Борискова, качества.

Сам Борисков ни в коей мере не считал себя экспертом по искусству, а был просто зрителем и посему оценивал любое произведение искусства, как и большинство населения, по категориями "нравится – не нравится", или по-нынешнему "купил бы или не купил бы", что и являлось ключевым фактором для художников, поскольку им тоже нужно было на что-то покупать себе еду. Еще кто-то спал на матрасе на полу в углу, завернувшись в одеяло с головой. Трудно было понять, кто – мужчина или женщина. Все тут были свободные художники. Непризнанные, а значит, бедные. Кто как зарабатывал. Больше всех зарабатывала

Алла, делая поделки из кожи и меха, браслеты и лоскутные одеяла, которые неплохо продавались. Еще зарабатывали так: делали такие штучки на магнитиках, которые прилеплялись к холодильнику с символами: Санкт-Петербург и с храмом Спаса-на-Крови или с матрешками – для туристов. Все это продавалось на улицах с лотков в местах посещения. Вещички были симпатичные, но работа эта была, хоть и требовавшая точной руки, художественного навыка, но все же конвейерная. Картины же не продавались вовсе. Писал их сам Губарь, и сам считал их абсолютно гениальными и неоцененными. По сути же картины были ужасные.
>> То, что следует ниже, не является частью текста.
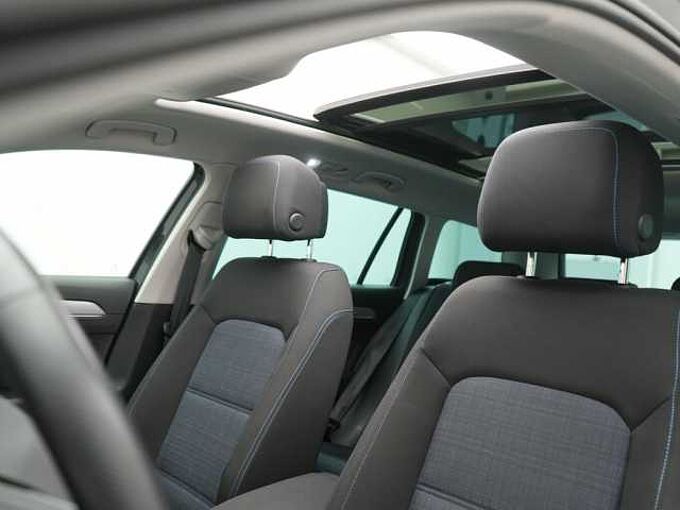 Volkswagen Passat Variant DSG ACC DCC VIRT LED SHZ CARPLAY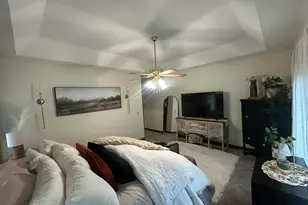 165 Chelsea Ln, Racine, WI 53182 - Photo 15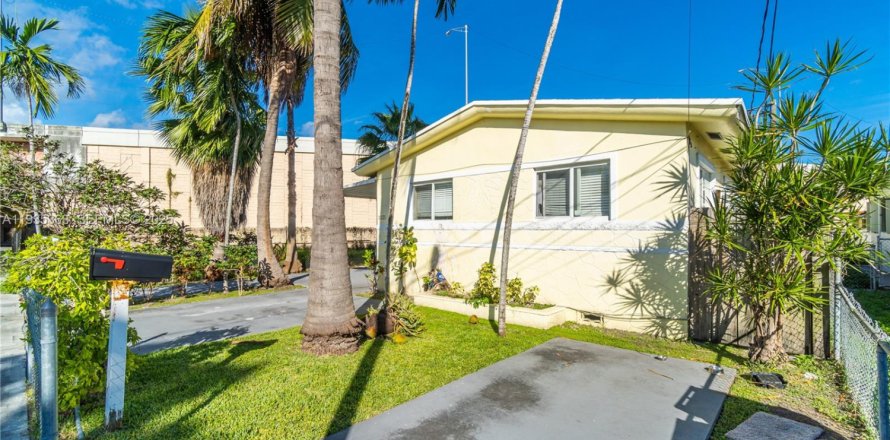 Casa en Miami, Florida 4 dormitorios, 145.95 m2 № 1994219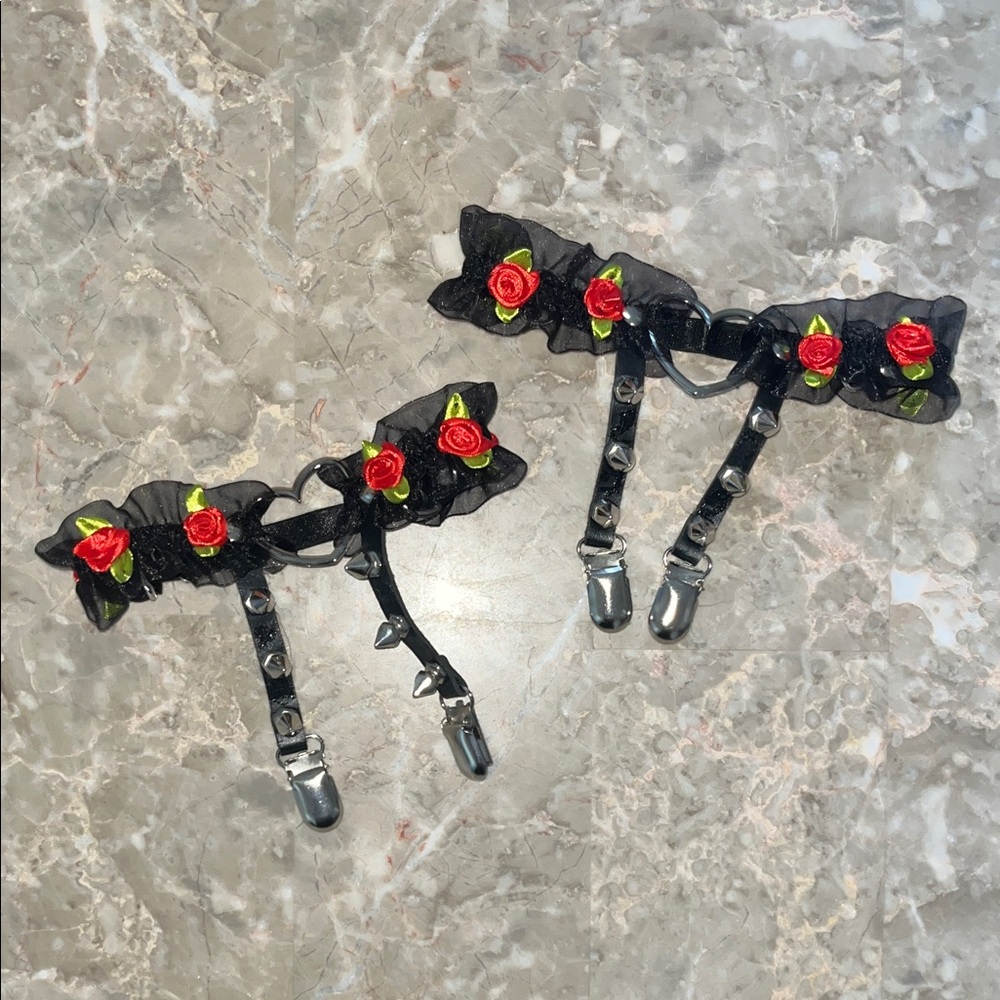 Gothic Black Floral Rose Garter Strap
Борисков всегда холодел, представив, что во так вот пишешь-пишешь всю жизнь картины и вдруг – понимаешь, что они бездарные и никуда не годятся. Между тем Губарь как-то по случаю сделал за деньги несколько эскизов этикеток для водочных бутылок, и они оказались очень хороши, но дальше этим заниматься он не захотел, считая, что истинное его призвание – живопись. Писать же картины он не умел, будучи по своему внутреннему складу скорее графиком.

Борискову его картины казались уж слишком мрачными. Последнее время

Губарь вдруг решил заняться скульптурой. Увидев Борискова, он обрадовался, в частности и потому, что тот приносил всегда бутылку хорошего пойла, что произошло и на этот раз.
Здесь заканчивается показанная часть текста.